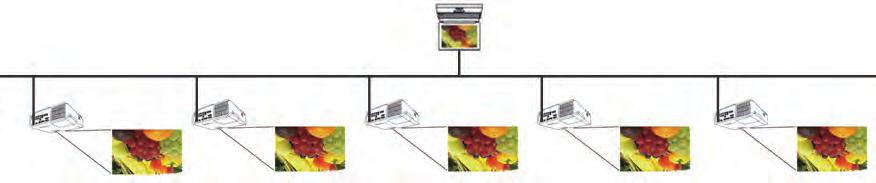 computer (Client) o switcher connessi al proiettore tramite LAN wireless o cablata.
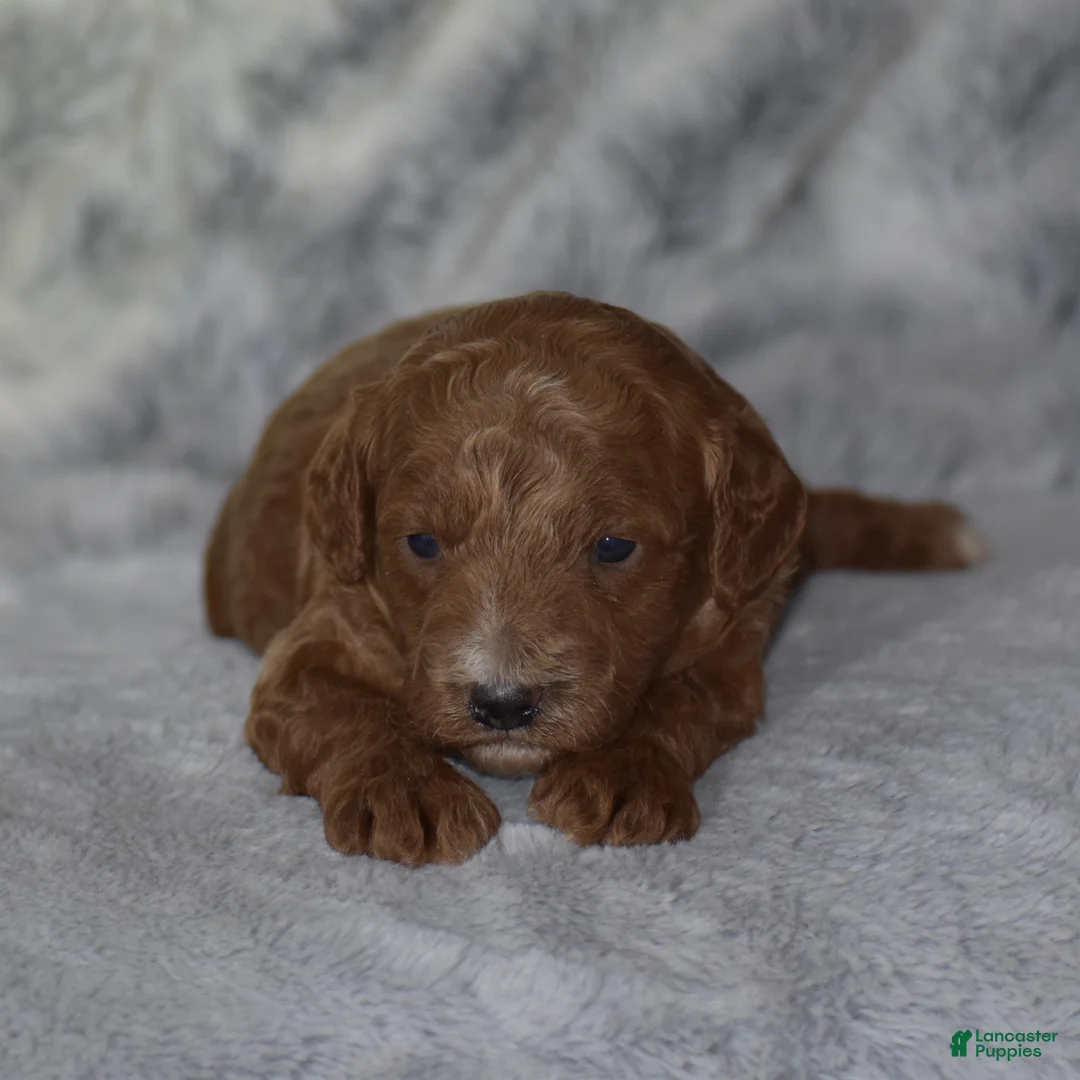 Miniature Poodle dogs for sale: Linnie - Ad 2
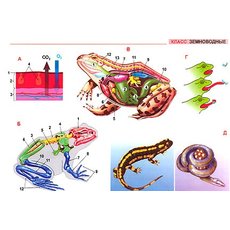 "Систематика животных. Хордовые" (11 листов) комплект фолий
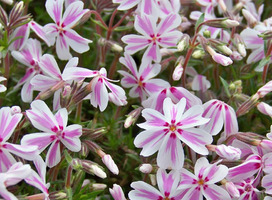 Vlambloem - Phlox (S) 'Candy Stripes'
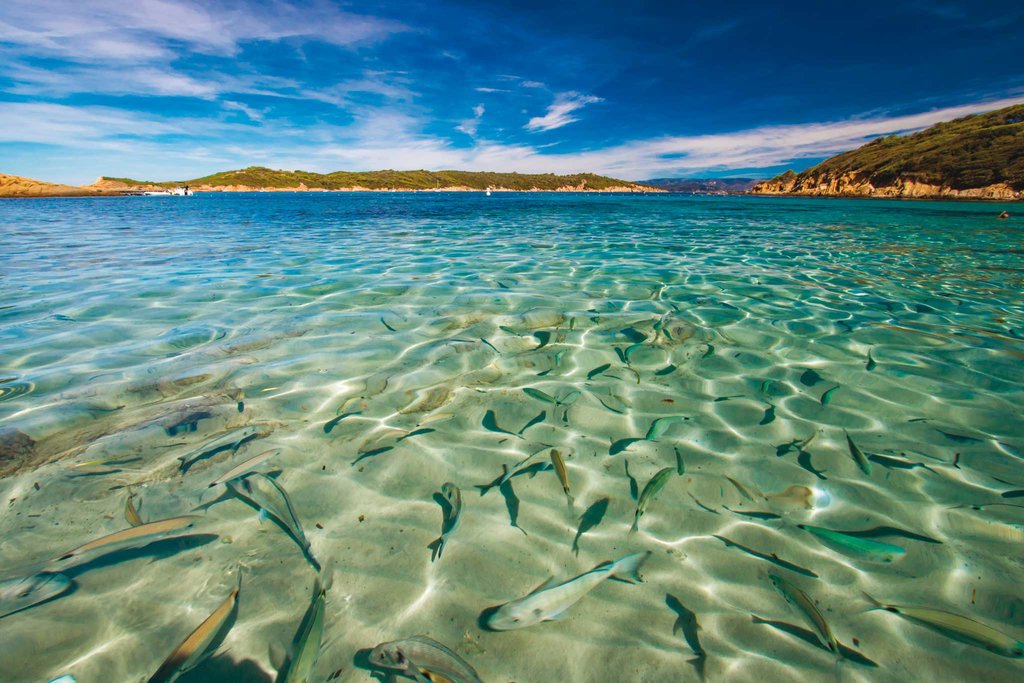 Port Cros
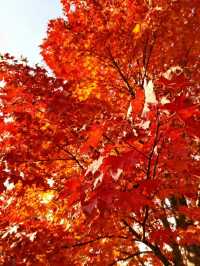 霜染鍋盔楓似火，暖居枕葉醉秋光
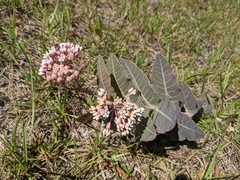 Asclepias humistrata image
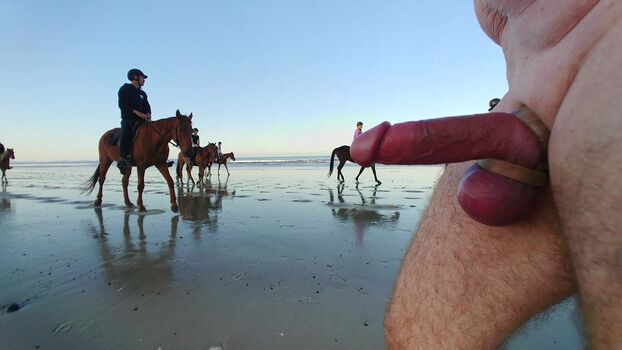 Dick Flash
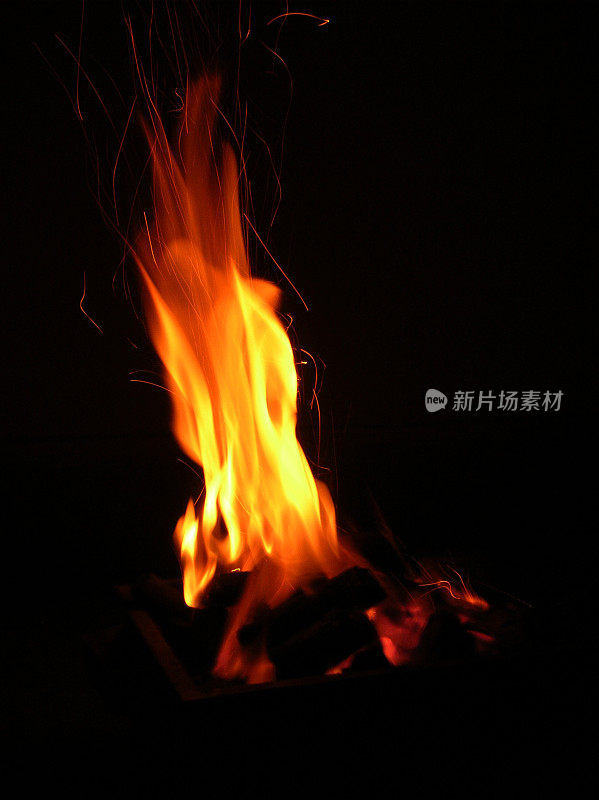 花着火了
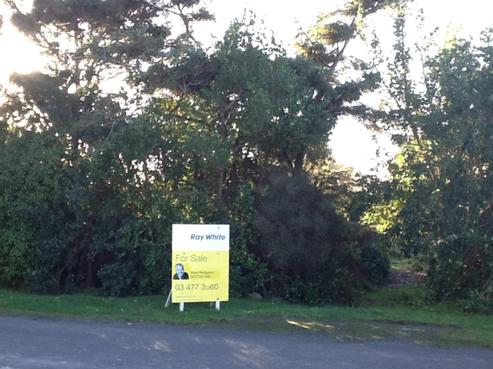 20 Paloona Street, Aramoana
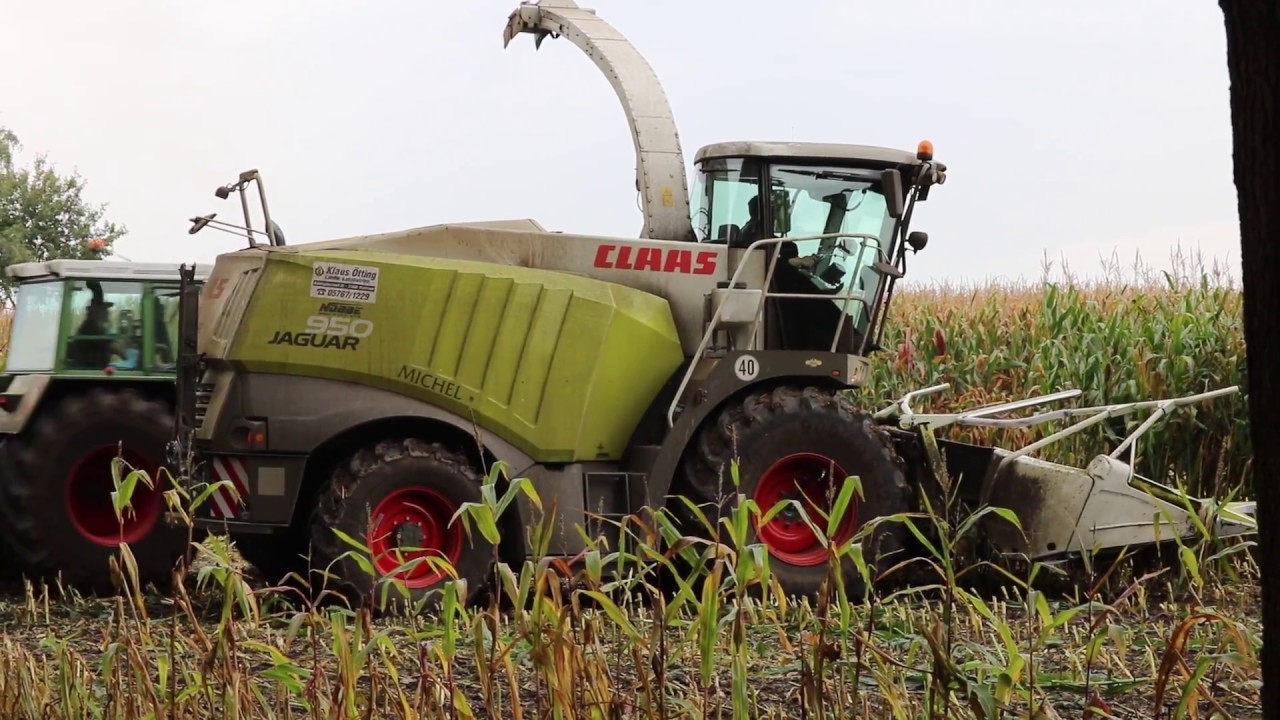 Maisernte 2017 mit Claas Jaguar 950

********************

## TASK GOAL
Your task is to retype, exactly and only, the lines from the line holding "Vlambloem - Phlox (S) 'Candy Stripes'" through the final line of the data above, with both ends kept. Drop the pictures.

## ANSWER FOR THE TASK
 Vlambloem - Phlox (S) 'Candy Stripes'
 Port Cros
 霜染鍋盔楓似火，暖居枕葉醉秋光
 Asclepias humistrata image
 Dick Flash
 花着火了
 20 Paloona Street, Aramoana
 Maisernte 2017 mit Claas Jaguar 950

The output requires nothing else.